M. le président David Valence. Nous accueillons à présent M. Dominique Riquet, député européen, membre de la commission des transports du Parlement européen et dont nous connaissons le travail, notamment celui réalisé ces derniers mois à propos de la révision du réseau RTE-T.

Monsieur le député, nous avons entendu mardi dernier M. Olivier Guersent, directeur général de la concurrence de la Commission européenne et nous venons de recevoir le témoignage de M. Kristian Schmidt, directeur des transports terrestres de la même Commission européenne. Nous aimerions connaître le regard que vous portez sur la politique menée en France en matière d’infrastructures ferroviaires de manière générale, et d’infrastructures dédiées au fret en particulier ; mais également sur la manière dont les investissements français pourraient être plus explicitement dirigés vers des réalisations permettant de développer le fret dans notre pays et sur notre continent.

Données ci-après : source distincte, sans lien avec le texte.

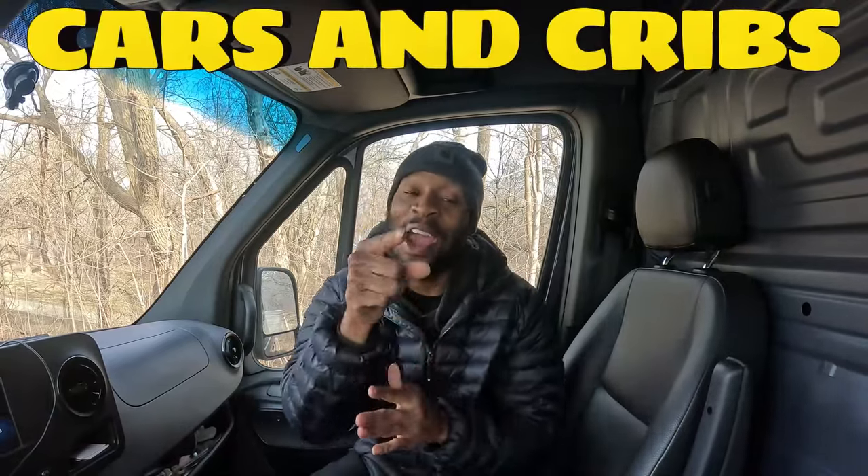It's DDK and I'm back with another video. Make sure you put me on your big screen. I appreciate you guys for tuning in to Cars and Cribs. If you are not subscribed, make sure you hit that subscribe button.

Mais l’objectif de cette commission d’enquête, qui a été demandée par le groupe de la Gauche démocrate et républicaine, est plus vaste. Nous souhaitons d’abord comprendre les raisons du déclin de la part modale du fret ferroviaire en France depuis le début des années 2000, et plus globalement d’ailleurs, puisqu’il était engagé auparavant, depuis la fin des années 1970. Nous cherchons également à cerner le rôle qu’a pu jouer la libéralisation du marché dans ce déclin de la part modale. Enfin, les membres de cette commission d’enquête s’interrogent collectivement sur les fondements de la décision prise par le gouvernement français de retenir une solution de discontinuité pour faire pièce au risque d’une condamnation de Fret SNCF à rembourser les aides publiques de 5,3 milliards d’euros regardées comme indues par la Commission européenne.

L’article 6 de l’ordonnance du 17 novembre 1958 relative au fonctionnement des assemblées parlementaires impose aux personnes auditionnées par une commission d’enquête de prêter le serment de dire la vérité, toute la vérité, rien que la vérité. Je vous invite donc à lever la main droite et à dire : « Je le jure. »

(M. Dominique Riquet prête serment.)

M. Dominique Riquet, député européen. Je tiens à vous dire en préambule que j’ai été impressionné par la qualité des personnalités que vous avez déjà auditionnées et je me demande si je pourrai ajouter des éléments substantiels à ceux qui vous ont été déjà transmis par les prestigieux intervenants précédents.

J’évoque d’abord l’histoire du fret ferroviaire. En 1840, le rail représentait 2 % du trafic de marchandises quand la part de la route était de 70 %. En 1924, qui fut l’apogée du fret ferroviaire, la proportion était complètement inversée, le rail occupait une place prépondérante, avec 78 %, contre 10 % pour la route. Par la suite, la révolution pétrolière a consacré la domination de la route et désormais, la part modale du fret s’établit environ à 10 % en France.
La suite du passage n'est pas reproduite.